One of his most famous roles was as the model for Lev Kuleshov’s eponymous effect, which was supposed to demonstrate how editing could invoke a response in the audience. In the demonstrations Mozzhukhin stared blankly at the camera as the scene suddenly cut to a bowl of soup, a coffin and then a beautiful girl. Each time the film returned to his face (it was exactly the same piece of footage) the audience read hunger, lust or tragedy in his face. It may have worked then, it doesn’t now.
This portrait of Nils Asther meets certain impressions we have of Scandinavian cinema; slow and quiet with lots of scenes involving healthy outdoor living. If you have watched the 1922 Danish/Swedish film, Haxan, witchcraft through the ages, (or part of it. Sitting through a full length silent feature is a test of inner strength these days.) you will know the Scandinavians had another side. This, after all, was the land of Munch, Hans Christian Andersen and Ibsen; people were familiar with the darkness.Asther only acted in a few films in Denmark before moving to Hollywood. That may have been a mistake. For sure, in the 1920s no one considered Denmark the centre of anything much but in Hollywood he was just another face. Nothing stands out in his filmography though a few titles give an idea of his status: Laugh Clown Laugh, Abdul the Damned, Sweater Girl, Night Monster. Seven years after he died in 1981 his autobiography was published in Swedish. The critics were mostly kind to Narrens väg - The Road of the Jester – but in the way they might be to an injured street cat hanging around a rubbish bin. Asther spared no details, or names, in retelling his sexual history with men and women. He was evidently bitter about his lack of recognition yet anyone could see he had been master of his own destiny in that regard. One critic wondered if he was not a little mad.

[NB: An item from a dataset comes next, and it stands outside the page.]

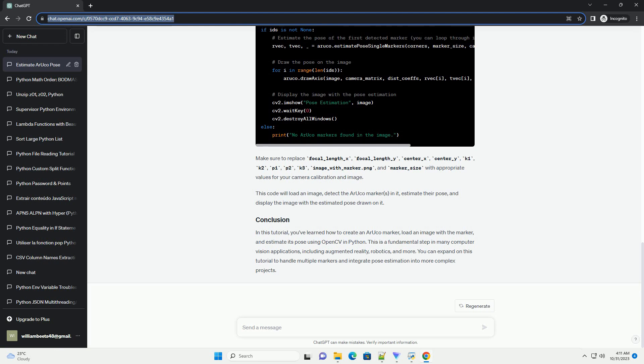detect the ARUCO markers in it, estimate their pose, and display the image with the estimated pose drawn on it.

You tend to assume that any Austrian man who died in mid life in 1941 met a sticky end and since Rolf Randolf has now slipped into near total obscurity the question hangs without much hope of an answer. He began working in cinema during the First World War, when it was still expected that a man should write, direct, produce and act in his own films. That notion passed in the 1920s with the rise of studios around the world yet Randolf appears to have carried on regardless. He was still an independent moving between job descriptions in the 1930s. Though none of his films have memorable titles, the clips that survive on YouTube remind us that he came from the same world as Fritz Lang and Billy Wilder. He was at least competent at melodramatic thrillers. If that sounds patronizing it’s only because information is so scarce we can’t say much more.
This portrait was taken in the late 1920s or early 1930s. Something about his poise suggests he has already moved from in front of the camera to behind it, where the real power and influence lay in film-making. So how did he go out? Gunned down in an apartment courtyard by a gang of Gestapo operatives? Hacking his lungs out in a sanatorium? Mysteriously, his name does not appear in any cemetery records, even under his birth name, Rudolf Zanbauer.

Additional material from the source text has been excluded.